Tips for Running With Sore Chest Muscles
Running can cause the microscopic tears in muscle tissue that lead to DOMS. Photo Credit Jupiterimages/Photos.com/Getty Images

If you develop sore chest muscles 24 to 48 hours after running, the cause may be delayed onset muscle soreness, or DOMS. DOMS usually vanishes within five to seven days and can be eased with self-care, but MayoClinic.com says that you should consult your doctor if your muscle pain lasts longer than a week, if you notice redness and swelling around the muscles, or if the pain started after beginning a new medication. If you have extreme muscle weakness, trouble breathing, dizziness or high fever and a stiff neck, seek immediate medical care.


DOMS causes muscle pain, inflammation, stiffness and muscle weakness.
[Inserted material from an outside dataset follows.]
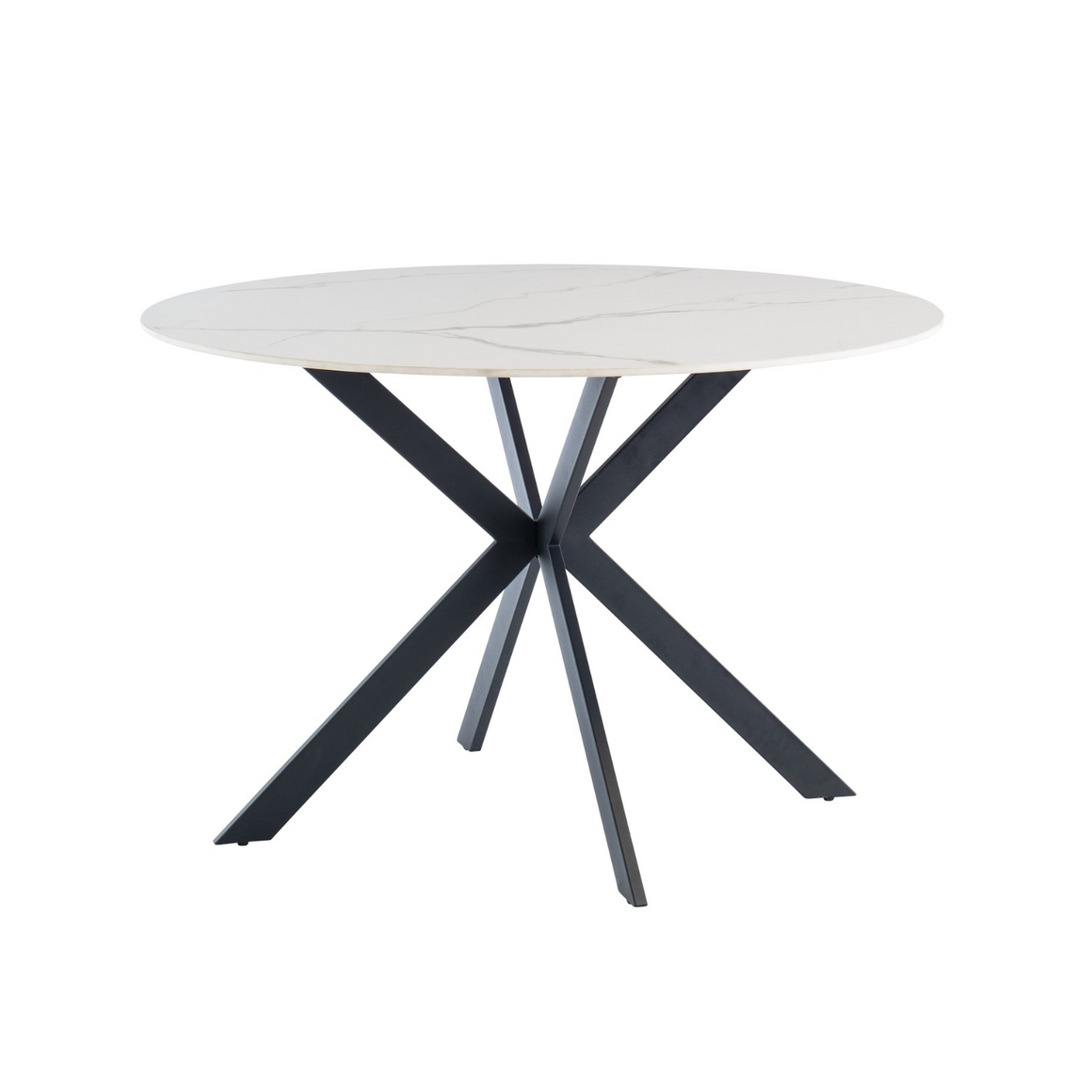 Round Dining Tables Online - Stylish & Modern | Foy & Company - Foy and ...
Severity of symptoms can range from mild achiness to debilitating pain and stiffness that can compromise functional ability for up to a week. Strenuous exercise -- such as lifting weights and bicycling or running for long distances -- increases your chances of having DOMS. Doctors used to attribute DOMS to lactic acid buildup in the blood, but this theory has fallen out of favor. Sports Fitness Advisor says that DOMS is now believed to be an inflammatory response to the microscopic tears that occur in muscle tissue with strenuous exercise. The website also says that research has shown that white blood cell count increases after vigorous exercise. The cycle of tearing and healing of muscle tissue eventually strengthens and enlarges the muscles.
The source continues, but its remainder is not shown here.